● Instructions for the task:
Exact copy, no pictures: reproduce the lines from the one that holds "Pterostylis banksii - Photo" through the end of the entries.
** Provided data follows **
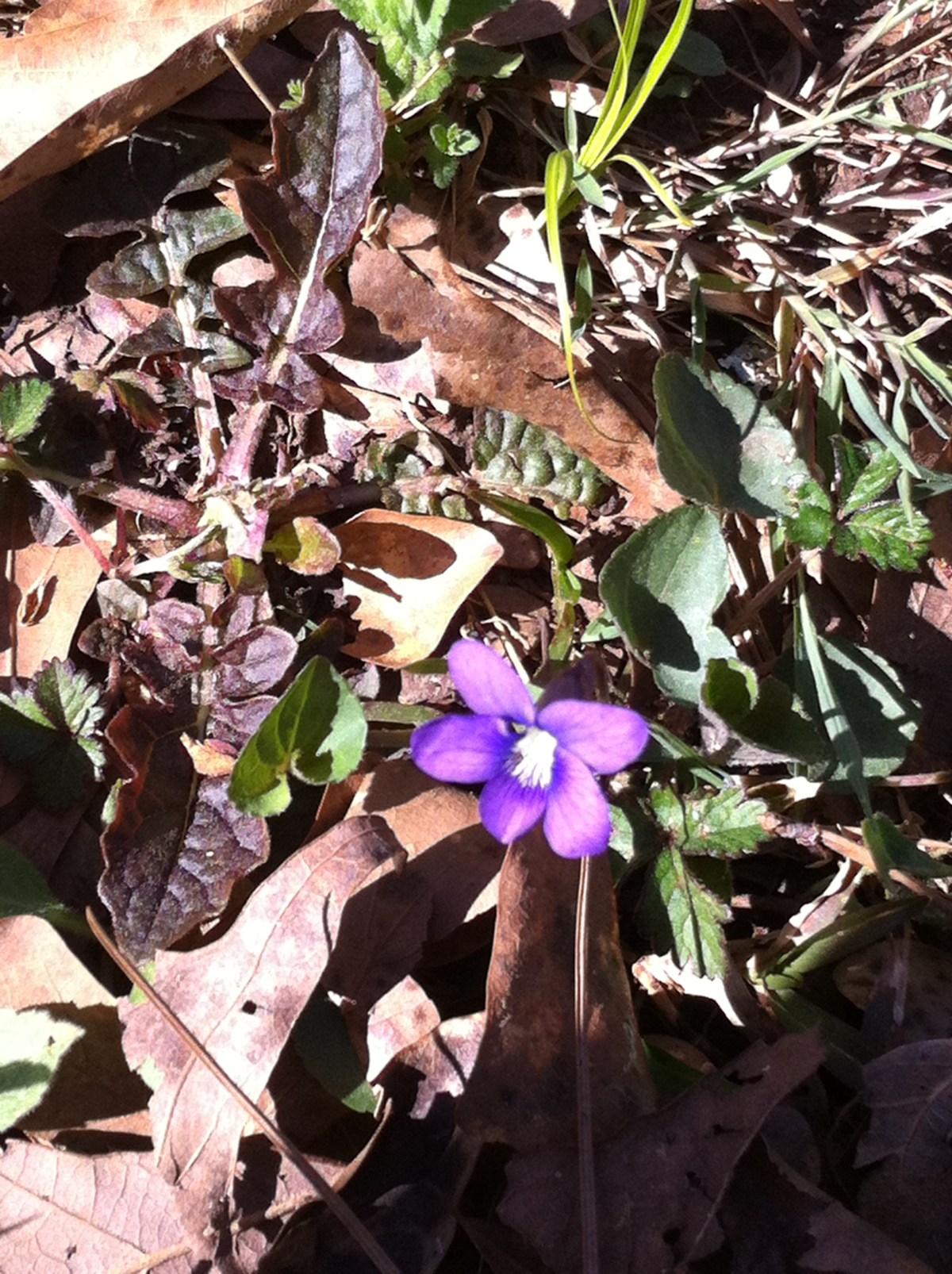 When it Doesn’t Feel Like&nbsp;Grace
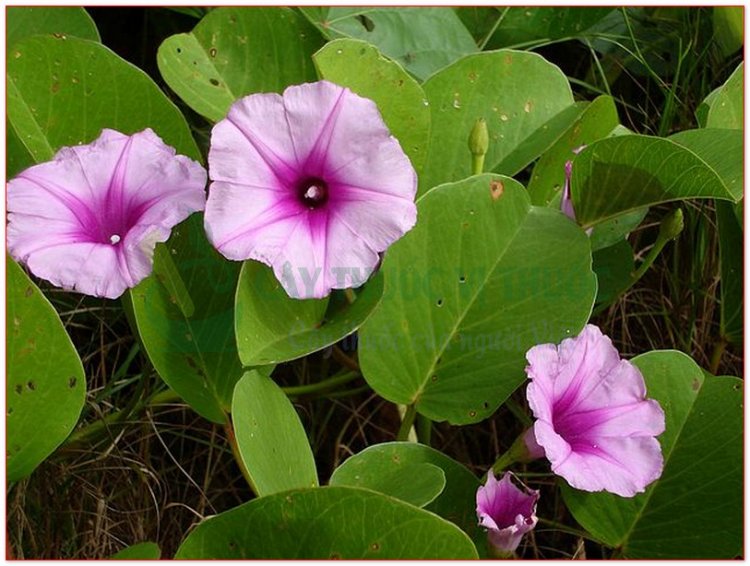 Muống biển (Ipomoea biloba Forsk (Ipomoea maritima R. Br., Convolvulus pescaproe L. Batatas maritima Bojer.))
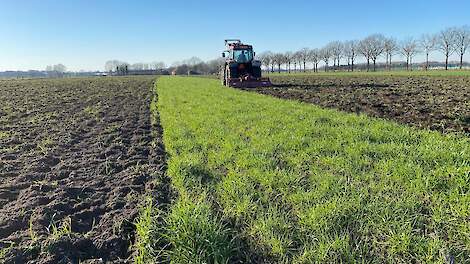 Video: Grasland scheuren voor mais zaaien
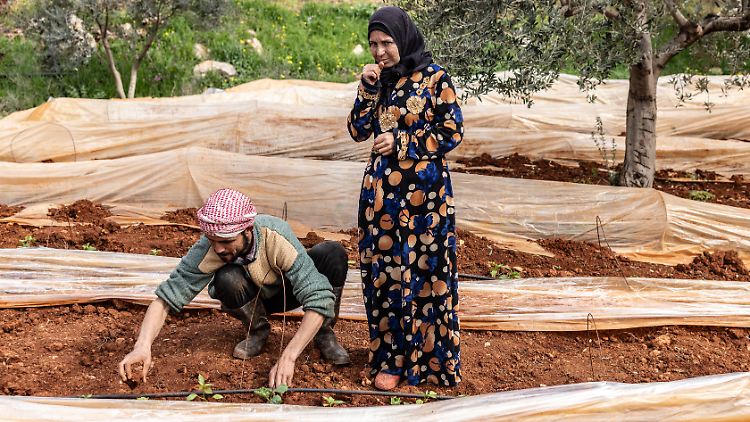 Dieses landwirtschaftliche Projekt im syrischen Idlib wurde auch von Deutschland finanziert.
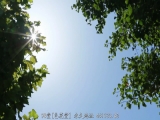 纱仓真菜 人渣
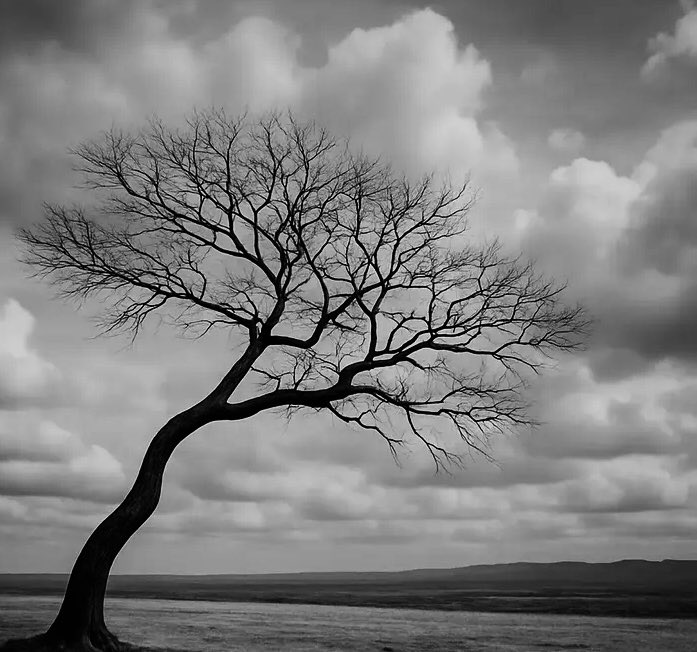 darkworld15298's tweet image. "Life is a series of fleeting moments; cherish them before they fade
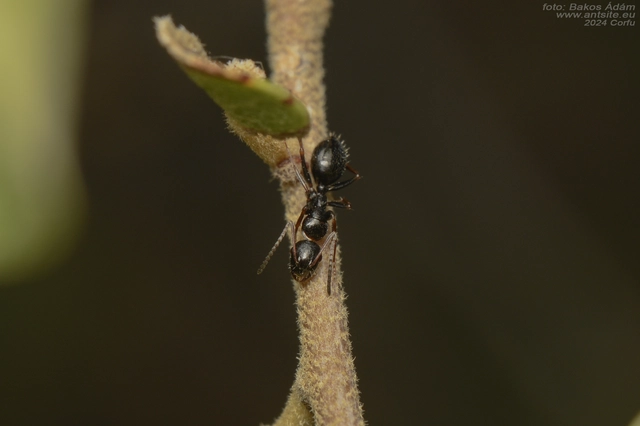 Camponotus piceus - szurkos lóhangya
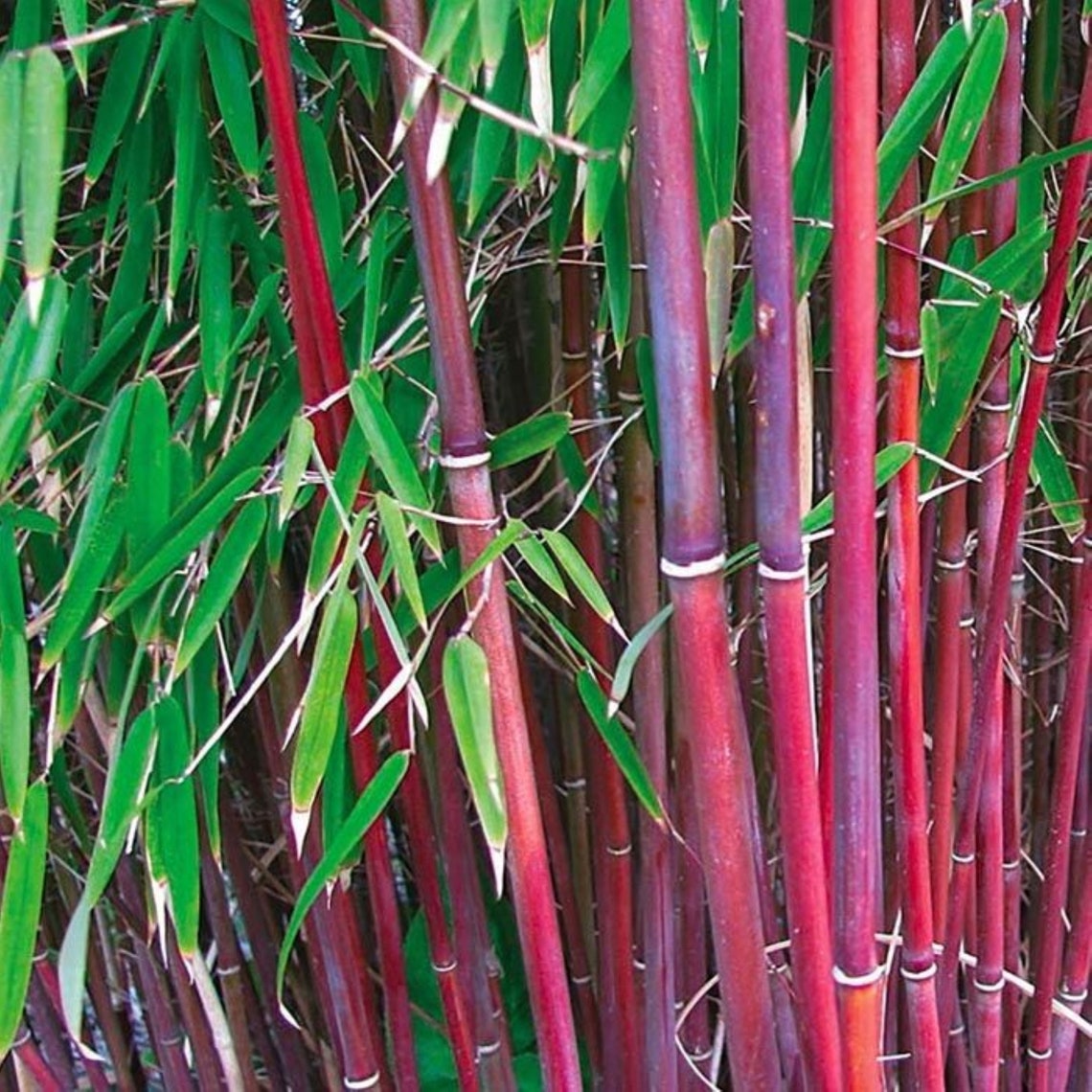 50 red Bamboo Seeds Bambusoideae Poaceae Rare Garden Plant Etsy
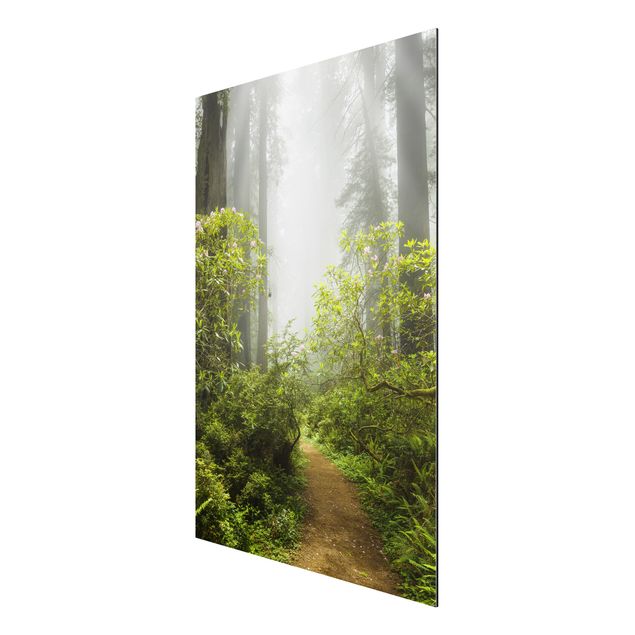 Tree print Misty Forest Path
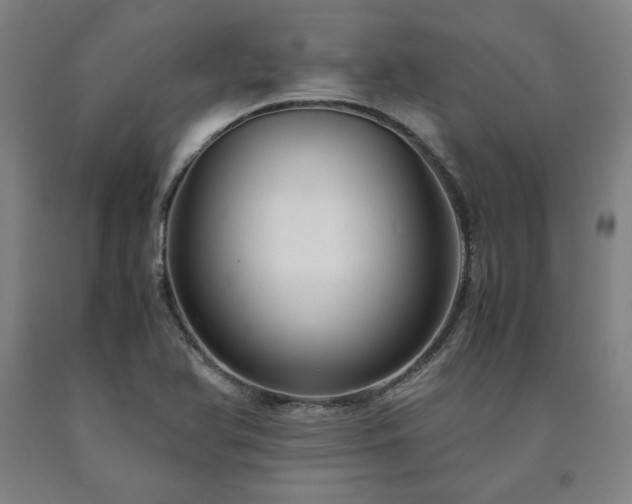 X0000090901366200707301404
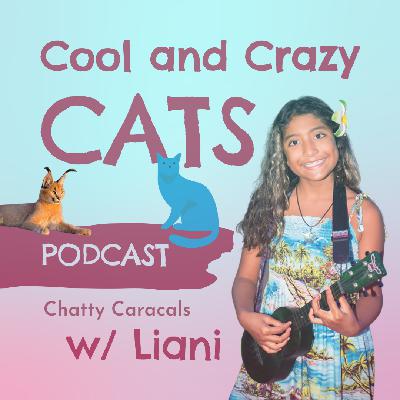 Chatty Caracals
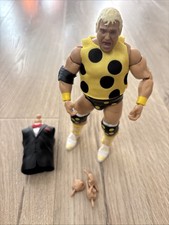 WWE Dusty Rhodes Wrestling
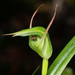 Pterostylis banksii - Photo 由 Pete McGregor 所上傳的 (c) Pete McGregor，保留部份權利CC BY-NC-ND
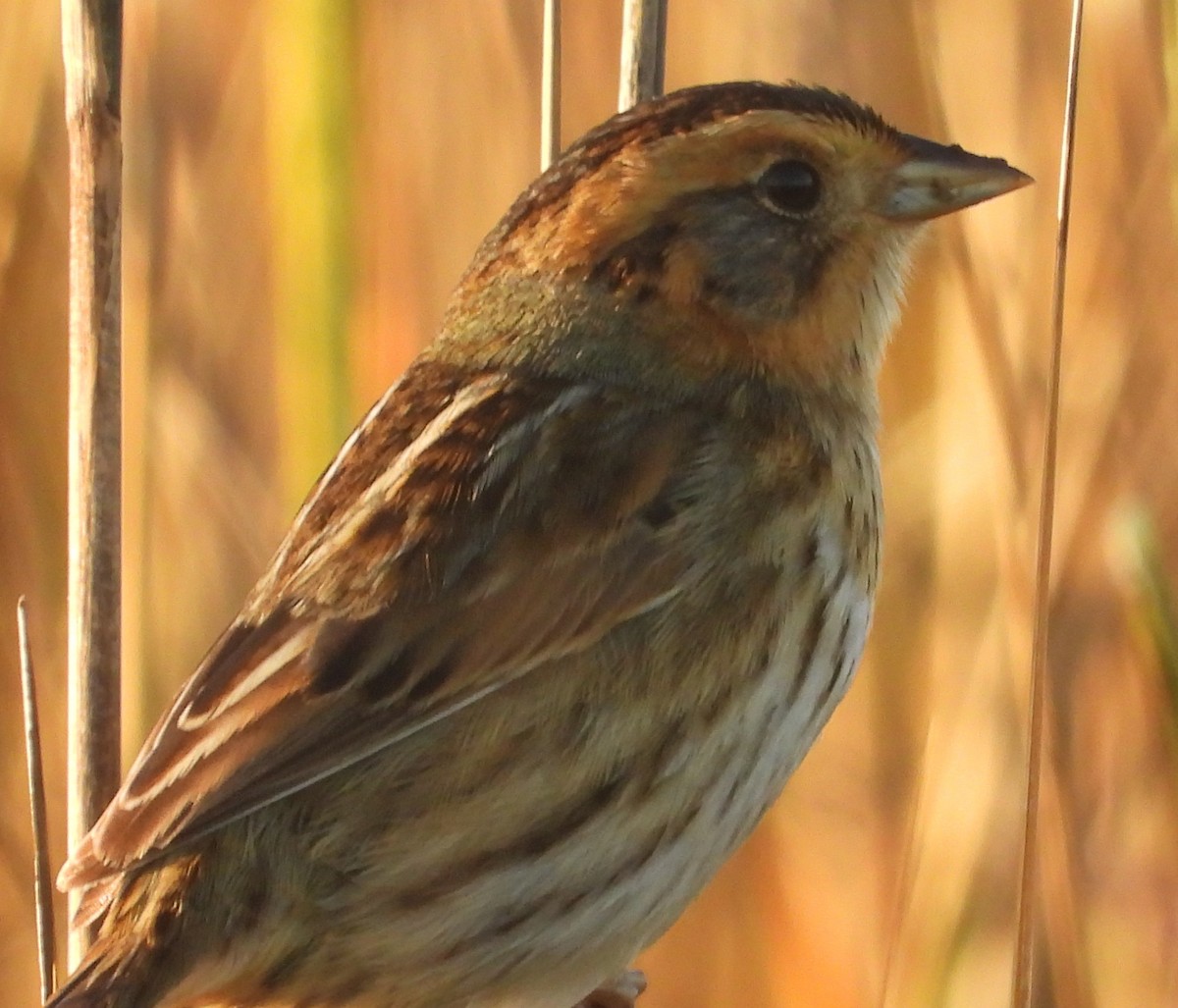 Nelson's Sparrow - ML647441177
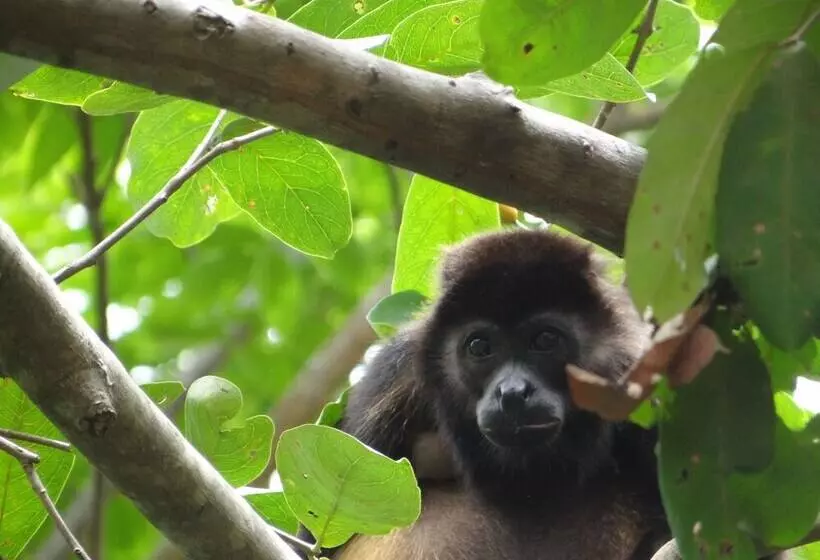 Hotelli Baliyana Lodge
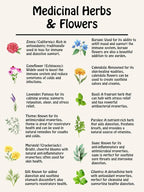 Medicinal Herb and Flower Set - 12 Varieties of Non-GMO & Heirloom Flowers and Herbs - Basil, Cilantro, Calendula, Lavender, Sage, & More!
** End of Provided data **
● Exercise solution:
 Pterostylis banksii - Photo 由 Pete McGregor 所上傳的 (c) Pete McGregor，保留部份權利CC BY-NC-ND
 Nelson's Sparrow - ML647441177
 Hotelli Baliyana Lodge
 Medicinal Herb and Flower Set - 12 Varieties of Non-GMO & Heirloom Flowers and Herbs - Basil, Cilantro, Calendula, Lavender, Sage, & More!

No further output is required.